Wondering What To Do With Your "Electronic Waste"?

In New York, the Electronic Equipment Recycling and Reuse Act (pdf) (Environmental Conservation Law, Article 27, Title 26), creates electronics recycling programs effective April 1, 2011. The new law requires free and convenient recycling of electronic waste be provided to most "consumers" (see definition below) in the state, including households, many small businesses and many not-for-profit corporations. The State's Department of Environmental Conservation has set up a detailed website providing information about this new law. As discussed below, other states are taking similar steps to deal with this new form of waste. 

New York's e-Waste Law

The new law affects consumers, retailers, and manufacturers of "covered electronic equipment" (CEE), as well as certain waste recycling, consolidation, collection and management facilities. One of the notable requirements under the new law is that beginning April 1, 2011, manufacturers of CEE are required to take back from consumers a wide range of electronic waste.

Who is a "consumer" and what equipment is covered under the law?

A "consumer" is an individual, business, corporation, limited partnership, not-for-profit corporation, the state, a public corporation, public school, school district, private or parochial school or board of cooperative educational services or governmental entity located in New York State, except when involved in a wholesale transaction between a distributor and retailer.

"Covered electronic equipment" includes:

  • Computers
  • Televisions
  • Cathode Ray Tubes
  • Small Scale Servers
  • Computer Peripherals (Computer peripherals also include any cable, cord, or wiring permanently affixed to or incorporated into such product.)
    • Monitors
    • Electronic Keyboards
    • Electronic Mice or Similar Pointing Devices
    • Facsimile Machines, document scanners, and printers (only those intended for use with a computer and weighing less than 100 lbs.)
  • Small Electronic Equipment (Small electronic equipment also include any cable, cord, or wiring permanently affixed to or incorporated into such product.)
    • VCRs
    • Digital Video Recorders
    • Portable Digital Music Players
    • DVD Players
    • Digital Converter Boxes
    • Cable or Satellite Receivers
    • Electronic or Video Game Consoles

"Covered electronic equipment" does not include such things as cameras, portable or stationary radios, household appliances, monitoring and control instrument or system, telephones of any type; portable digital assistant or similar device, calculator, global positioning system (GPS) receiver or similar navigation device, a server other than a small-scale server, a cash register or retail self checkout system, stand-alone storage product intended for use in industrial, and other equipment.

What is the cost?

For the basic services required under the new law, which include acceptance of CEE, for-profit businesses with fewer than 50 full-time employees and not-for-profit organizations with fewer than 75 full-time employees may not be charged for the collection, handling, recycling, or reuse of CEE. Larger organizations may be charged for these services. (Full-time employment is not defined under the law.) Note, however, the new law generally does not affect contracts consumers had with manufactures entered into prior to January 1, 2011.
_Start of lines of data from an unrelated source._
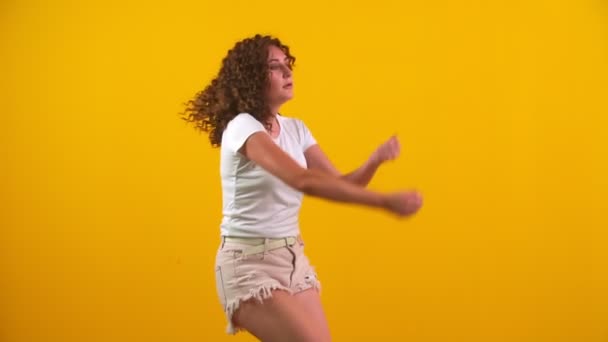 Meisje dansen op een gele achtergrond — Stockvideo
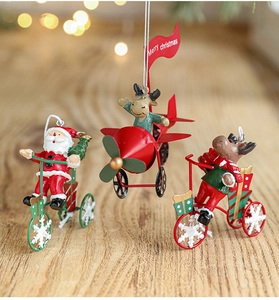 Three creative metal Christmas ornaments featuring Santa and reindeer on tricycle and plane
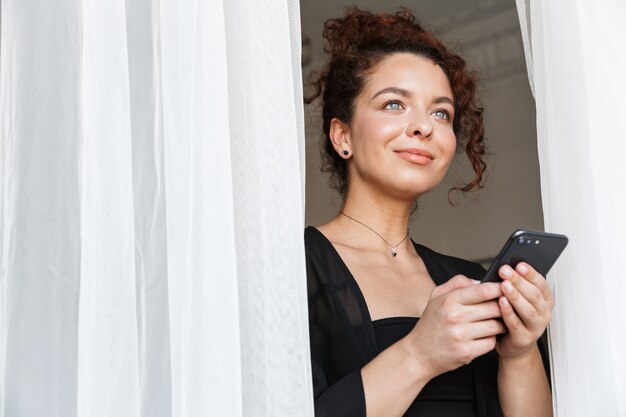 Afbeelding van een roodharige positieve optimistische jonge dame in lingerie badmode poseren binnenshuis in huishotel in de buurt van gordijn met behulp van mobiele telefoon.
In addition, any consumer may be charged for "premium services." "Premium services" are any services above and beyond the reasonably convenient acceptance methods defined in the new law. These include equipment and data security services, refurbishment for reuse by the consumer, and other custom services as may be determined by the Department of Environmental Conservation such as at-home collection (other than mail back programs), data wiping, specialized packing and preparation for collection, etc.

Does the law require e-waste to be recycled?

Not yet. However, beginning January 1, 2012, businesses, municipalities, and subdivisions of the state, including their waste collection company or service, will no longer be able to collect electronic waste for disposal, or dispose of any electronic waste in a landfill or waste-to-energy facility. A similar rule goes into effect for individuals and households on January 1, 2015.

Will recycling be performed in a secure manner?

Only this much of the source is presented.